What you should do: With the line containing "Käsedose, Ming-Drache, reich, rot, ohne" as the starting point, output the remaining lines of the data exactly as they are, through the last.

Source data:
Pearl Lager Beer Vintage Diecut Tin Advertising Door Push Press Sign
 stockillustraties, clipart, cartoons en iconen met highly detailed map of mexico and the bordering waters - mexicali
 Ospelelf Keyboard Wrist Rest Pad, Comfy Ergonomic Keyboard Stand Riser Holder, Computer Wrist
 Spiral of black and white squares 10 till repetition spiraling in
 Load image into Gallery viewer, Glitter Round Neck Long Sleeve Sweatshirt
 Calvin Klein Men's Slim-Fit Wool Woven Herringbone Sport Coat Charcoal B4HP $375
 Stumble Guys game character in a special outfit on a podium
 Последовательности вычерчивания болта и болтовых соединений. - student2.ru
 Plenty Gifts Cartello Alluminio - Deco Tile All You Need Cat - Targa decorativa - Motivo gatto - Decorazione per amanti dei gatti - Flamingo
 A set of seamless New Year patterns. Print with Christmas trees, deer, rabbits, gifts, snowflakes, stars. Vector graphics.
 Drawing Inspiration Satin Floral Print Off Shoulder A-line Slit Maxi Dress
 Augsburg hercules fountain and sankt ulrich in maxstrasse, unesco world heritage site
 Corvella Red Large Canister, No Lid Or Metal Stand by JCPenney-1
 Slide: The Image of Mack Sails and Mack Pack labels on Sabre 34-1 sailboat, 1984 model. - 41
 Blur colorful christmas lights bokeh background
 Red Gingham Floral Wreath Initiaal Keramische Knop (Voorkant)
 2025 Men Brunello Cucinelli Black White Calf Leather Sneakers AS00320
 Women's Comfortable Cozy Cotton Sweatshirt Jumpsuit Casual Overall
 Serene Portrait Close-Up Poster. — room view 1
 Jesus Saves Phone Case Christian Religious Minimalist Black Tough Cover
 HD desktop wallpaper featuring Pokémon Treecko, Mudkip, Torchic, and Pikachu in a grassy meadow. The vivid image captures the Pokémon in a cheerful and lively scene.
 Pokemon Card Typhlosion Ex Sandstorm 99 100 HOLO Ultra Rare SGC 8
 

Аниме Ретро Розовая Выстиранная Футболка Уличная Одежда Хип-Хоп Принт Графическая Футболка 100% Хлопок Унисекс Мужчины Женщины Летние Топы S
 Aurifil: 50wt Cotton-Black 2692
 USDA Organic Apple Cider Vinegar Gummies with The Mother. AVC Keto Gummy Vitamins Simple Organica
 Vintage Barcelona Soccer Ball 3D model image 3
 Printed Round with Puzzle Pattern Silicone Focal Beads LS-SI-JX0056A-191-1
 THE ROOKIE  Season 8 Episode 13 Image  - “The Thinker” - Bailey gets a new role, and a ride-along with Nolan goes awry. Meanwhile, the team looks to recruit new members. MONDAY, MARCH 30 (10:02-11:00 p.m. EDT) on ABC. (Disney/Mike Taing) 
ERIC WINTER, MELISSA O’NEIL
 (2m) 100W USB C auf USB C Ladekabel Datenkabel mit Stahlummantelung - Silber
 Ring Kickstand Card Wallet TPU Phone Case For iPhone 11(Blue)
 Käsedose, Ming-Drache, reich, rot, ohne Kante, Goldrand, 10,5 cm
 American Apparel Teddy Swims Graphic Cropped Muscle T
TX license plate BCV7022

Written response:
 Käsedose, Ming-Drache, reich, rot, ohne Kante, Goldrand, 10,5 cm
 American Apparel Teddy Swims Graphic Cropped Muscle T
TX license plate BCV7022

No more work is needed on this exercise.